▶ Work order
Within the entries below, please return exactly the lines from the one with "McKenzie Sports Physical" through the one with "Melsungens Felix Danner", leaving out any pictures.

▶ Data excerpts
____________________

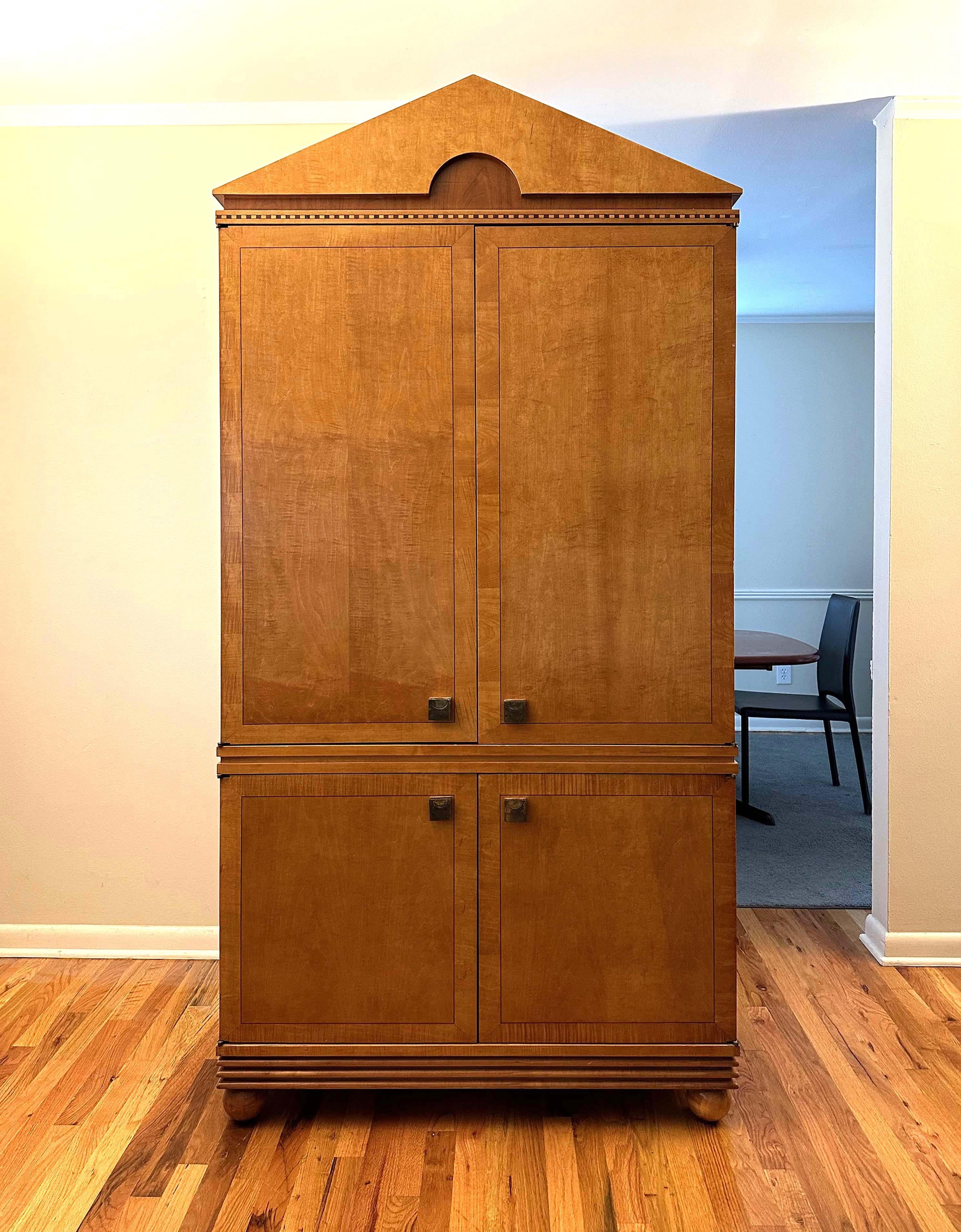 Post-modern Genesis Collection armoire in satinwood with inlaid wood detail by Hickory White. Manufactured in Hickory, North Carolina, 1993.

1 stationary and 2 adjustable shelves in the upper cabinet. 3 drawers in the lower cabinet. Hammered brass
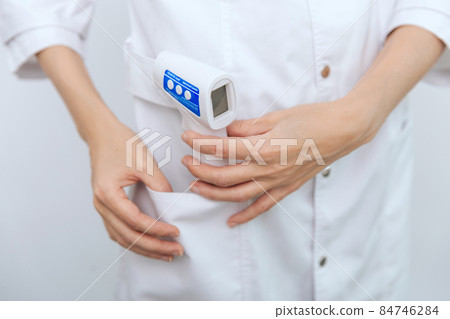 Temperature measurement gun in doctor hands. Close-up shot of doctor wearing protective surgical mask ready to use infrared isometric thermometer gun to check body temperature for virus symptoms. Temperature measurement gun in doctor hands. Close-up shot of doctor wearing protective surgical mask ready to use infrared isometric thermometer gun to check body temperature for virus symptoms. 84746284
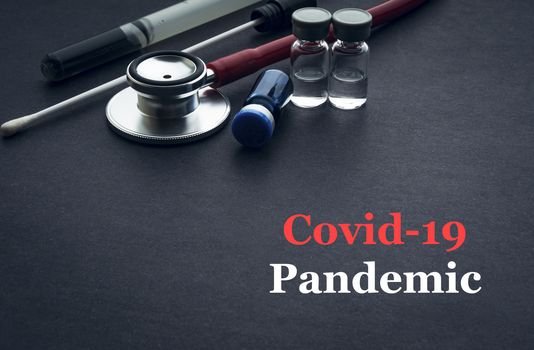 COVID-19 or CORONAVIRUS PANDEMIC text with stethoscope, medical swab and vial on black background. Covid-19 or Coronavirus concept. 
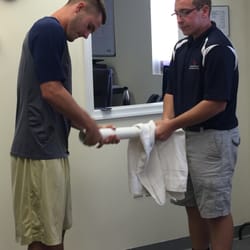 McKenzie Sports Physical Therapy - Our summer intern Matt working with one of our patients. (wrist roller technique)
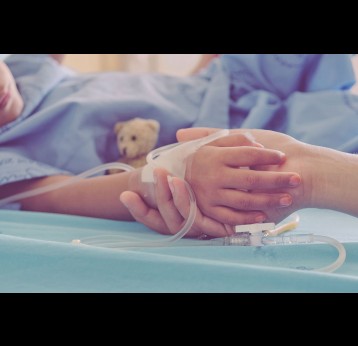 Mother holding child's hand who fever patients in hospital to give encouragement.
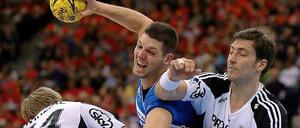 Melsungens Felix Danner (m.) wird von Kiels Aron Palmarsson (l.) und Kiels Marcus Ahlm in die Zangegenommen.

____________________

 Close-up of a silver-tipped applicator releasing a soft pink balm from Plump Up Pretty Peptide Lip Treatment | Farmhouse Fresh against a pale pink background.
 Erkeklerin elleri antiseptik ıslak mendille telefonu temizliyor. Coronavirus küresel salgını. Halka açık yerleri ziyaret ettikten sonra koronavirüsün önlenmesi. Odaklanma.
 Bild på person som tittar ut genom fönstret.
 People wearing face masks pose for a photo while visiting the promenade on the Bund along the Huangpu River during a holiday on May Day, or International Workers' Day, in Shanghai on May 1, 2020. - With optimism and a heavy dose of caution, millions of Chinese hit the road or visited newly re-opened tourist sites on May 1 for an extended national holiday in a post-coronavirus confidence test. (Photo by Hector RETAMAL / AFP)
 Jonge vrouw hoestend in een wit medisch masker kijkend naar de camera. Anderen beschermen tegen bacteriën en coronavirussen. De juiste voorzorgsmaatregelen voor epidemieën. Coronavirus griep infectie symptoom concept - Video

____________________

▶ Finished task
 McKenzie Sports Physical Therapy - Our summer intern Matt working with one of our patients. (wrist roller technique)
 Mother holding child's hand who fever patients in hospital to give encouragement.
 Melsungens Felix Danner (m.) wird von Kiels Aron Palmarsson (l.) und Kiels Marcus Ahlm in die Zangegenommen.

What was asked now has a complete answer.